In den Wohnzimmern Westeuropas war der Krieg in Jugoslawien in erster Linie ein Medienereignis - unfassbar im wörtlichen Sinne, weil Fernsehbilder eben nicht wirklich berühren können. Jazmin Dizdar lässt in seinem Regiedebüt den Krieg in Bosnien und den Alltag in der Multi-Kulti-Metropole London direkt aufeinanderprallen. Eine junge Ärztin und Tochter aus gutem englischem Hause, verliebt sich in einen sympathischen Taugenichts, in dessen Leben alles ehemalig ist: sein Haus, seine Familie, sein Beruf und sein Land - das ehemalige Jugoslawien.

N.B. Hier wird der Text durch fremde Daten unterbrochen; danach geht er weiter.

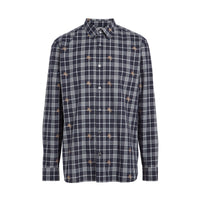 NAVY IP PATTERN Chemise en coton à motif check et emblèmes du Cavalier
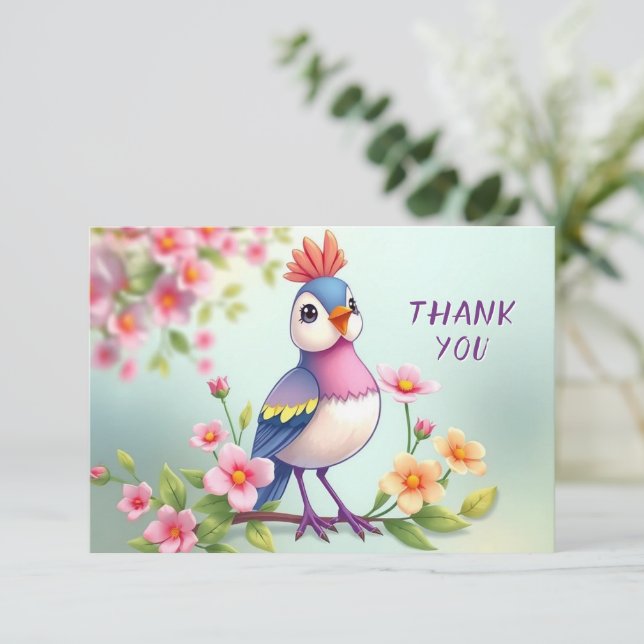 Cartão De Agradecimento Cute Blue Pink Bird Floral Thank You Card (Em pé/Frente)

Ein Serbe und ein Kroate - ehemals Nachbarn - fallen in einem Doppeldeckerbus übereinander her und landen schwerverletzt im gleichen Krankenhauszimmer. Eine hochschwangere Frau bittet den Stationsarzt um eine Abtreibung. Das Kind im Bauch, so sagt sie in gebrochenem Englisch, sei der Feind. Nur langsam begreift der Arzt, dass die Patientin von serbischen Soldaten vergewaltigt wurde. Ein rechtsradikaler britischer Hooligan schläft am Flughafen betrunken auf einer Lagerpalette ein und wird mit einem Hilfspaket mitten über bosnischen Kriegsgebiet abgeworfen. Ein BBC-Journalist reist als Berichterstatter in den Balkankrieg und kehrt, von den Massakern traumatisiert, zurück. Regisseur Dizdar - selbst aus Jugoslawien nach Großbritannien emigriert - verbindet das Chaos des Bosnienkrieges mit dem Chaos des britischen Alltags.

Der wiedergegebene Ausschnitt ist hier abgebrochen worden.